Very often, visitors to a tourist destination record their opinions and experiences in online / social media. Other times, online social media users express their intention or desire to visit a place for leisure. They can reasonably suggest a destination or a tourism activity. On other occasions, they are negative and dissuasive. Collecting and analyzing this content may involve a geographical area, a tourism business, or both. The instant detection and analysis of such views provides valuable knowledge to a destination management entity that has undertaken the promotion for a particular area. The collection of unstructured data and the extraction of knowledge from these data on a large scale is almost impossible and expensive with the tools available for searching and editing, based on machine learning techniques and natural language processing with a statistical approach. They do not integrate linguistic analysis capabilities with tourism specialization, while at the same time they cannot scale up to huge volumes of public internet data. Consequently, existing emotion and opinion analysis mechanisms do not export accurate knowledge, do not evolve, and do not readily adapt to thematic requirements, concepts and particularities of languages, and geographic data.

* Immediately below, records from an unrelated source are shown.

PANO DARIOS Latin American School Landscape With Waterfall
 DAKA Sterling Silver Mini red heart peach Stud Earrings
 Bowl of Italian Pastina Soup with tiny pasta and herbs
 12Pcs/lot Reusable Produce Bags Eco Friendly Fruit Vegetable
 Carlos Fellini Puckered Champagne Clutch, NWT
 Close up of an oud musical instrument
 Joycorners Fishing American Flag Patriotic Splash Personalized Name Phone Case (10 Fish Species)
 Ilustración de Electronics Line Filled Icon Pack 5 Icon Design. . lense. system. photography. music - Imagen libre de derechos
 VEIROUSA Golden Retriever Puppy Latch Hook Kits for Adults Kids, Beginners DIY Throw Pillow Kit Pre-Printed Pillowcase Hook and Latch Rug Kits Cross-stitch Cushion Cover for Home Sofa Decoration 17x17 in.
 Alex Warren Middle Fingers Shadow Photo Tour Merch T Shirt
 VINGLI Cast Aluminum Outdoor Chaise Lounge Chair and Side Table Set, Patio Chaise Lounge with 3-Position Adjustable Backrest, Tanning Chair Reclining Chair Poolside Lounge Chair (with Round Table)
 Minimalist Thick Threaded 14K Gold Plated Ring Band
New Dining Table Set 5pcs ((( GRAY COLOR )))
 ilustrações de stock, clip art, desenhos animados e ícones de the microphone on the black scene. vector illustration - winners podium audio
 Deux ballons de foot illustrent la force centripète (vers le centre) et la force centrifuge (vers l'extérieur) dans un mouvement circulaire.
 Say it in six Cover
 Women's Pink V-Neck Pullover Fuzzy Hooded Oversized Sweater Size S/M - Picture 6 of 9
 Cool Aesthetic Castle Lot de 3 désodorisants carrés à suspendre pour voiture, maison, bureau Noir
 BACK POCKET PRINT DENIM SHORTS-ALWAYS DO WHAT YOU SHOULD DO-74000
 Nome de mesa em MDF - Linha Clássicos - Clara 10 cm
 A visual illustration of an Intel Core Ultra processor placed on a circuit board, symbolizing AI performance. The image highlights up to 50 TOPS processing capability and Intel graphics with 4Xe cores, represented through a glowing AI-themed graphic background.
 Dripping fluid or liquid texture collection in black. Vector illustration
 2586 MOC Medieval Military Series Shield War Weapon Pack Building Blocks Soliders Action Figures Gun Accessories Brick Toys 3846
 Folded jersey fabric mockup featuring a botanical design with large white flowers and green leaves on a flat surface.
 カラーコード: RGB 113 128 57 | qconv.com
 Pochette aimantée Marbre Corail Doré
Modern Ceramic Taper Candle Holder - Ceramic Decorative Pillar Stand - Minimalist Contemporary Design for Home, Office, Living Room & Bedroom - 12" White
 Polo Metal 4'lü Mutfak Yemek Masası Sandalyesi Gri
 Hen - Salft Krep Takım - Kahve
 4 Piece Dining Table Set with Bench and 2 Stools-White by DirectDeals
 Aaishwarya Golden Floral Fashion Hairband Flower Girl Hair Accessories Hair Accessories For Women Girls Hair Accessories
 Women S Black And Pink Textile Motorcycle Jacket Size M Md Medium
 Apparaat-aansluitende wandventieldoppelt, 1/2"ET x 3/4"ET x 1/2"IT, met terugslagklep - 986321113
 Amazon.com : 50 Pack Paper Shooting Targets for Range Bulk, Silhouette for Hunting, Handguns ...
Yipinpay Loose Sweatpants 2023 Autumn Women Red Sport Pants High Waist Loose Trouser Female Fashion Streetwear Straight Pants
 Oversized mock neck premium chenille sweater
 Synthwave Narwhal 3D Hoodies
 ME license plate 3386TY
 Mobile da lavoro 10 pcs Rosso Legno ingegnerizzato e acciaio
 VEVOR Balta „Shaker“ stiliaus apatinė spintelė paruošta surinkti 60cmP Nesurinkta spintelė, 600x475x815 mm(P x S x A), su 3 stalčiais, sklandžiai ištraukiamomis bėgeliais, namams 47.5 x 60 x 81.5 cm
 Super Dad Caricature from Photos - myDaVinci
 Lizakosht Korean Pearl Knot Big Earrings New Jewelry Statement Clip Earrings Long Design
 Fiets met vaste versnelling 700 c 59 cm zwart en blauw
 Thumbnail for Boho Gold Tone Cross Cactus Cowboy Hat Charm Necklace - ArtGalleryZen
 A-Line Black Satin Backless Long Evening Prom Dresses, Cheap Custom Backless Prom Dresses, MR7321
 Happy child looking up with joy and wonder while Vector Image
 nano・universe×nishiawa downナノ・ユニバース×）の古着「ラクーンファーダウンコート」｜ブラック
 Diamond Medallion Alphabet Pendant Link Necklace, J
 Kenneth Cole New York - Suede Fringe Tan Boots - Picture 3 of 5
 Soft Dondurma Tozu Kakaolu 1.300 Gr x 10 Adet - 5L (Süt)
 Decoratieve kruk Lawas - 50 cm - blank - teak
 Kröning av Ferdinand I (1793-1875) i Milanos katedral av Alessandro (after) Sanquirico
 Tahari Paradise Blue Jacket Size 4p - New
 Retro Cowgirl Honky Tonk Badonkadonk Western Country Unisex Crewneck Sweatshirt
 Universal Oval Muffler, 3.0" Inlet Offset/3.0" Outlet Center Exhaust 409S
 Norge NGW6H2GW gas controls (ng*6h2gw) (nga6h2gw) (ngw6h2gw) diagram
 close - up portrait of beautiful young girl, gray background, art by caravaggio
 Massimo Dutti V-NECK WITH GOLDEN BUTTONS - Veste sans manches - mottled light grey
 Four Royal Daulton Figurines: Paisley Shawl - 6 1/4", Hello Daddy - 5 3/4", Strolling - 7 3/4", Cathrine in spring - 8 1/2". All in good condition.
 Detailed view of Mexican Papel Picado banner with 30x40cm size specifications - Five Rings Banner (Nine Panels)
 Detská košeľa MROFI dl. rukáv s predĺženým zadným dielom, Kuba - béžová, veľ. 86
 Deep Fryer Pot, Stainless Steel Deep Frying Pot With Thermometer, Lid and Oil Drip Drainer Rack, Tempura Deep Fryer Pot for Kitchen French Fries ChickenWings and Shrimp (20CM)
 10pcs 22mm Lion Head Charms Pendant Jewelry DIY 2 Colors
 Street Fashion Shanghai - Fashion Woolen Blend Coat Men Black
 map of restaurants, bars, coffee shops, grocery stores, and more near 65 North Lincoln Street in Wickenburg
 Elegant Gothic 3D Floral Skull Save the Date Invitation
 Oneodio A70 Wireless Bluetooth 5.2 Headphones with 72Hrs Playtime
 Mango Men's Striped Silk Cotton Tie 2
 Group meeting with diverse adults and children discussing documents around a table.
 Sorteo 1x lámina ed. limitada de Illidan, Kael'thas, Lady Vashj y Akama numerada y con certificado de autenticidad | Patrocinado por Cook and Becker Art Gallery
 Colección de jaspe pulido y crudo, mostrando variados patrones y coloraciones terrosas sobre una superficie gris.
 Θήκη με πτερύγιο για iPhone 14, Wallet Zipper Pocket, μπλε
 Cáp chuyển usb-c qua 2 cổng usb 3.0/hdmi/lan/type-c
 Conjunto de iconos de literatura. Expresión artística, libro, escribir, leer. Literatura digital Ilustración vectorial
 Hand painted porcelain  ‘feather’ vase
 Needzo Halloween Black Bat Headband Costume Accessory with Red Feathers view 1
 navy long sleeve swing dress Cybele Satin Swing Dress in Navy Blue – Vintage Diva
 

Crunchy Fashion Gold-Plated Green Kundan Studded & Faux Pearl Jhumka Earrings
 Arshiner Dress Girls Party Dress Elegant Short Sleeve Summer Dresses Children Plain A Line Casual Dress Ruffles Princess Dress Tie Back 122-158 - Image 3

The proposed project develops natural language analysis and processing algorithms to meet the needs of tourism and in particular the need to analyze and explain these views. To this end, the project incorporates modern methods of deep learning into a word and term detection platform, in order to identify meanings and concepts and finally achieve higher degree of accuracy into the analysis of views and causes in tourism-related texts and articles.
In addition to improved accurate analysis of views, it is equally important to be able to process large volumes of such data. Therefore, the project attempts to adapt algorithm execution to advanced scaling mechanisms (scale out), based on Spark’s architecture in all phases of processing: data transformation, training and use of the computational model. The architecture will use the distributed cluster memory to load the data and apply a variety of operators to extract the necessary attributes that the computing model will use. For computational model training, the project will utilize optimized implementations of deep learning algorithmic methods. The platform includes also the user applications, focusing on the visualization of analysis and on a practical notification mechanism to serve tourism professionals’ usage scenarios.
Pilot implementation and demonstration of the integrated platform on selected destinations will allow the evaluation of the platform in real-world data and conditions, according to performance criteria, user and operational indicators for usability and accuracy of the analysis. Thus, in a convincing way, the benefits to tourism and stakeholders will be justified and exhibited. The proposed system will be valuable for tourism destinations that will use it. Analyzing views can be used proactively. The immediate discovery of negative opinions will give the signal for timely corrective actions. Even knowing about positive opinions can lead to effective and targeted promotional actions. The systematic analysis of these data is necessary to provide a more complete picture of the visitor's perception and trends in order to take immediate decisions and react to events and views expressed in social media.